The time-of-use electricity rates for a certain location are shown in

Table 2. Time-of-use electricity price table.

Time Period	Electricity Price (CNY/kWh)
00:00–11:00	0.40
11:00–14:00	0.16
14:00–17:00	0.40
17:00–24:00	0.74

:

The overall economic objective function aims to minimize the sum of the aforementioned costs:

$$C=R_{loss}+C_{pur}$$

(8)

2.3. Environmental Indicator Development

To minimize the environmental impact of DESS integration into distribution grids, this paper defines “grid carbon intensity” and establishes a “storage carbon account.” This approach converts the charging and discharging behavior of energy storage into quantifiable carbon substitution units, ultimately calculating the system’s net carbon emissions. Lower net carbon emissions indicate better environmental performance.

To construct a dynamic carbon flow model capable of precisely quantifying the carbon substitution benefits of energy storage, this paper employs carbon intensity factors based on life cycle assessment as the carbon attribute parameters for various power sources. This parameter reflects the total greenhouse gas emissions associated with obtaining a unit of electrical energy. Specifically, coal-fired power generation uses direct operational emission factors, while wind and photovoltaic power generation utilize their average embedded carbon intensity across the entire life cycle (encompassing equipment manufacturing, construction, operation and maintenance, and decommissioning).
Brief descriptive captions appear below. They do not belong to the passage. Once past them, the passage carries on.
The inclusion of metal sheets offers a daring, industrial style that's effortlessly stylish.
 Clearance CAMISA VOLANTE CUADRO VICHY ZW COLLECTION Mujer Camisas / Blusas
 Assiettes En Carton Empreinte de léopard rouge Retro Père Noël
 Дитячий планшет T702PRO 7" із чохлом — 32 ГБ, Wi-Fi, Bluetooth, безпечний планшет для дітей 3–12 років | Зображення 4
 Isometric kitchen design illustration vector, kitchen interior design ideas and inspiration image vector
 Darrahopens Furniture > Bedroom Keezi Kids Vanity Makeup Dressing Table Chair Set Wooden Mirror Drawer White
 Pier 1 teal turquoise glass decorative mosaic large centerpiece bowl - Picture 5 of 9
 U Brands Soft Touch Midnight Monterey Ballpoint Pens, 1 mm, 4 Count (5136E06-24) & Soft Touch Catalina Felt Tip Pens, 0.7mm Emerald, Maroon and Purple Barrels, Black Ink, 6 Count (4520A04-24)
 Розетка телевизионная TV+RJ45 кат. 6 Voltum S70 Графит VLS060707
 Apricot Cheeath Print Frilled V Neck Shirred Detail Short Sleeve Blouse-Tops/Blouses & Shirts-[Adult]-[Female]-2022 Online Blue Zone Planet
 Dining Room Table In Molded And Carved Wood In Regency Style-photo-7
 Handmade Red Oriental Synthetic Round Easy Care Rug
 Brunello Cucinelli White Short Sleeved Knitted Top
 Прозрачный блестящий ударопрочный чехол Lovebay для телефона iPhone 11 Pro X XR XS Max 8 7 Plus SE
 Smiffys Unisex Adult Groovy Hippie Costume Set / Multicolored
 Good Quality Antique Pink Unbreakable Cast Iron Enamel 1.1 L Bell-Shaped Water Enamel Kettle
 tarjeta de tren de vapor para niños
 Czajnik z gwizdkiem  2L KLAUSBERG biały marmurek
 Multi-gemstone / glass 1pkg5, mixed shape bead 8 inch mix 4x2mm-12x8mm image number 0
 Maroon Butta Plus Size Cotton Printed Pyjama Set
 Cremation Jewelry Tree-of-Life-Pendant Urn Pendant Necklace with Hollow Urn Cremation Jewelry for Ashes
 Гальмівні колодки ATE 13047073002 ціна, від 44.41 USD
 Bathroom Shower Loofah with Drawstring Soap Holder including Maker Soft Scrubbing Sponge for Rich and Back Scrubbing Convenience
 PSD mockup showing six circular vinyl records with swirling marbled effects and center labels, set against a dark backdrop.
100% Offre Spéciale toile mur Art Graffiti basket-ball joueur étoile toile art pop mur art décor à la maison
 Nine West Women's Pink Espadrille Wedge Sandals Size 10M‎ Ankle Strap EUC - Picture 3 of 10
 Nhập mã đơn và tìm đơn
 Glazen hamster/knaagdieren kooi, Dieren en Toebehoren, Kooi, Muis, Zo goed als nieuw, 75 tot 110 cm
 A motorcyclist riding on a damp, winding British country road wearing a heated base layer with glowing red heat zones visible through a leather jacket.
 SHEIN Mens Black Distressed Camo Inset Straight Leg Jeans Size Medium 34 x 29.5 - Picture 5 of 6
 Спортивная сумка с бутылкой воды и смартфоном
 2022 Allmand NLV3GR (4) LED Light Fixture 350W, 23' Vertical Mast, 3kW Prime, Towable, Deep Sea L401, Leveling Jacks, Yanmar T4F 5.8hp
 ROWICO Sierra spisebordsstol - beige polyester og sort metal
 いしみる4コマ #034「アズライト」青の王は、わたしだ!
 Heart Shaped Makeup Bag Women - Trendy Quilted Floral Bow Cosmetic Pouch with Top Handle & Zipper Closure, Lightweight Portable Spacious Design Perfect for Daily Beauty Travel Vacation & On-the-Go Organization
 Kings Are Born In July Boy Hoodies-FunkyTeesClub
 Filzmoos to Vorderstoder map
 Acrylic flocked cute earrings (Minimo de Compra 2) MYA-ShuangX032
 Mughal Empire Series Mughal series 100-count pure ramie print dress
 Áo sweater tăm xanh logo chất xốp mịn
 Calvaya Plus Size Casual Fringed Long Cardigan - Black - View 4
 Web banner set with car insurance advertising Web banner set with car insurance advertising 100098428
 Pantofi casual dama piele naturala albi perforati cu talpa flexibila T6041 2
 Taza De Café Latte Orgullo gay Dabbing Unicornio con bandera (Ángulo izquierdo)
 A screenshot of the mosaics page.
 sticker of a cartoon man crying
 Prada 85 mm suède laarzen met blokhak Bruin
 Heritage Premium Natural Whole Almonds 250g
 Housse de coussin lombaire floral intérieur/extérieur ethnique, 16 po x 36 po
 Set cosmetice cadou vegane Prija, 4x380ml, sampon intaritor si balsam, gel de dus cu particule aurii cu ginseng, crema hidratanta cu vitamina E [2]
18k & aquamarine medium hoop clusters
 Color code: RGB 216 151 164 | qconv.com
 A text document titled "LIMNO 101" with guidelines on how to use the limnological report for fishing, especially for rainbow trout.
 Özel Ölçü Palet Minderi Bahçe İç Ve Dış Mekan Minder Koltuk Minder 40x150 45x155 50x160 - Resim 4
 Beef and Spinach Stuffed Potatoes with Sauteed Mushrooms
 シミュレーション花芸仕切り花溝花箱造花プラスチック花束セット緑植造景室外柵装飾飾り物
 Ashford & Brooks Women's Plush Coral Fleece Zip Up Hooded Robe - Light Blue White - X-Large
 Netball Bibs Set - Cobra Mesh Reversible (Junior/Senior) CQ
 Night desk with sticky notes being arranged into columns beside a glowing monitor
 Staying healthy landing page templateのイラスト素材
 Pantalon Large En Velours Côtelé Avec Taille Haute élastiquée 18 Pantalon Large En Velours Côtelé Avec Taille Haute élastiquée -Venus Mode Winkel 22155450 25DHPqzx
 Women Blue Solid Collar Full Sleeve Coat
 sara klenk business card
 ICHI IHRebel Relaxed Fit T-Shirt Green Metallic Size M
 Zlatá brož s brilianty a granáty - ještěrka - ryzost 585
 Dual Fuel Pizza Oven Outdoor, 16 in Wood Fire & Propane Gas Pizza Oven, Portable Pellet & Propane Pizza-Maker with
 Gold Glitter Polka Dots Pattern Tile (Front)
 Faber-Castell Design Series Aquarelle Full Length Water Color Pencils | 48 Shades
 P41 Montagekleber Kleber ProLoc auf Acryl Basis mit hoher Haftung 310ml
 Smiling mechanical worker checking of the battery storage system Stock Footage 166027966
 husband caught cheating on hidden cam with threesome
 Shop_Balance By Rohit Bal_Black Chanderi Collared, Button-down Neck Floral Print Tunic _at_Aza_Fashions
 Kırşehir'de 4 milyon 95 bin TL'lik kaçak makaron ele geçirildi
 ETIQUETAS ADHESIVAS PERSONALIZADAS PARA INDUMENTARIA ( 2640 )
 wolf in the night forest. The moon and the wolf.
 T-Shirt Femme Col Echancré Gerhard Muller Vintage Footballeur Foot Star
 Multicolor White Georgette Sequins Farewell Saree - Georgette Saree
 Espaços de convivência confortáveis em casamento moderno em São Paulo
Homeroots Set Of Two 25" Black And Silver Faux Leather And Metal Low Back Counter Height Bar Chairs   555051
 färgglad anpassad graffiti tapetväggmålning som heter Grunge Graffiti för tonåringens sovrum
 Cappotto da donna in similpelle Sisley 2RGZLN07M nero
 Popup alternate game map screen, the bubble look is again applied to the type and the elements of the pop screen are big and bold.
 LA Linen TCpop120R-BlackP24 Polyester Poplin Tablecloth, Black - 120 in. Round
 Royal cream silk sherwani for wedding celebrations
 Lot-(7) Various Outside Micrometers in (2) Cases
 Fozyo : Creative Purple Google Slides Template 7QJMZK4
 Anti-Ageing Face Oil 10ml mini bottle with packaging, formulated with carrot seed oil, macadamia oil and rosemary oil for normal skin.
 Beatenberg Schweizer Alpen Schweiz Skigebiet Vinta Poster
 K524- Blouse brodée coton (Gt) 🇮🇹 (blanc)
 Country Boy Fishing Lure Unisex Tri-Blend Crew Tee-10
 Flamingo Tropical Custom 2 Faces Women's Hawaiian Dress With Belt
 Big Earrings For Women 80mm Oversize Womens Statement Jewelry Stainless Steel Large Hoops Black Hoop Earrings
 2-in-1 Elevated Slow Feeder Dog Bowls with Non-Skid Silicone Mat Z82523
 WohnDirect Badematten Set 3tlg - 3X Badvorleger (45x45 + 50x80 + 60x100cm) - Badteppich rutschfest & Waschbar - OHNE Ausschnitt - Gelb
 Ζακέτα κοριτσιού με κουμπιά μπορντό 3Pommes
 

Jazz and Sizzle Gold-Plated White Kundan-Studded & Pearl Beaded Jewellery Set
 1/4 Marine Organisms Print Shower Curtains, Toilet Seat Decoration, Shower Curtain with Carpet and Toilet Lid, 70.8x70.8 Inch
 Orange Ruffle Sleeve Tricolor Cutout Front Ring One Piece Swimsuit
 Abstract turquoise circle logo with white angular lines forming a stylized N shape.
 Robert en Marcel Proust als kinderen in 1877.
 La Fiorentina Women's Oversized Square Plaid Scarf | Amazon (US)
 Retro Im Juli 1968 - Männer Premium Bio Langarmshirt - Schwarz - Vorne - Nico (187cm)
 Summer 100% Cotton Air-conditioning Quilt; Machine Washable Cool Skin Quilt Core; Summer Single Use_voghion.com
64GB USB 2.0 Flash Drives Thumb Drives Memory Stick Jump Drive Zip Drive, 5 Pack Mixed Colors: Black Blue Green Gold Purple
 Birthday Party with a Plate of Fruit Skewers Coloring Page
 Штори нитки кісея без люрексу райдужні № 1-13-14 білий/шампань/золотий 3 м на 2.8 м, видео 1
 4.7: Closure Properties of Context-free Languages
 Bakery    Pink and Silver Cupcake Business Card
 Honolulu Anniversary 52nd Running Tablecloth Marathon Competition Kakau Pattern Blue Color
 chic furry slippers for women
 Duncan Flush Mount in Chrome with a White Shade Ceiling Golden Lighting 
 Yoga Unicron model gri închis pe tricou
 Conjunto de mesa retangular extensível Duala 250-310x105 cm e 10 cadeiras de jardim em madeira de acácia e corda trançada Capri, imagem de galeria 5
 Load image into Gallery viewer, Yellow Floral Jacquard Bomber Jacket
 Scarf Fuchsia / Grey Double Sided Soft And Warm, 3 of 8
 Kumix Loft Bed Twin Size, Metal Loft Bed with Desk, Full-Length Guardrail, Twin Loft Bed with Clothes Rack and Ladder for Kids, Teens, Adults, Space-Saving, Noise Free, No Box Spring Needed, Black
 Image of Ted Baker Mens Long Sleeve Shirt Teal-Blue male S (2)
The total carbon emissions from the generation side at time t, C_gen(t), are calculated based on the power output of each unit and its corresponding carbon emission factor:

$$C_{gen}(t)=\sum _{k\in {\Omega }_G}{P}_{G,k}\left(t\right)\cdot {\rho }_k$$

(9)

where P_G,K(t) denotes the active power output (MWh) of generator set k at time t; ρ_k represents the carbon emission factor (kg CO₂/MWh) of generator set k, where thermal power generation is 800 kg CO₂/MWh, wind power generation is 20 kg CO₂/MWh, and photovoltaic power generation is 50 kg CO₂/MWh; and Ω_G is the set of all conventional power generation units (thermal, wind, and photovoltaic). These values are based on authoritative carbon emissions accounting guidelines and research reports on the life cycle emissions of power generation technologies [24].

To assess the instantaneous carbon impact of electricity consumption, the real-time average carbon intensity of the grid π_grid(t) is defined. This metric characterizes the carbon emissions embodied in a unit of electricity generated at the current moment:

$${\pi }_{grid}(t)=\left\{\begin{array}{c}{\displaystyle \frac{C_{gen}\left(t\right)}{\sum k\in {\Omega }_G{P}_{G,K}\left(t\right)}}, \sum P_{G,K}\left(t\right)>0\\ {\rho }_{grid} , \mathrm{e}\mathrm{l}\mathrm{s}\mathrm{e}\end{array}\right.$$

(10)

where π_grid(t) represents the average carbon intensity of the power grid at time t (kg CO₂/MWh), and ρ_grid denotes the preset baseline carbon emission factor for the power grid, set at 400 kg CO₂/MWh.

Energy storage systems play the role of “carbon carriers” during operation. An internal carbon account is established for each storage unit m, with core state variables including cumulative carbon liability D_m(t) (kg CO₂) and cumulative charge E_c,m(t) (MWh). Account states are recursively updated according to the following equation:

$$\begin{array}{c}{D}_m\left(t\right)=D_m(t-1)+\mathrm{\Delta }{D}_m\left(t\right)\\ E_{c,m}\left(t\right)=E_{c,m}(t-1)+\mathrm{\Delta }{E}_{c,m}\left(t\right)\end{array}$$

(11)

where ΔD_m(t) and ΔE_c,m(t) are determined by the operating mode of the energy storage system during time period t.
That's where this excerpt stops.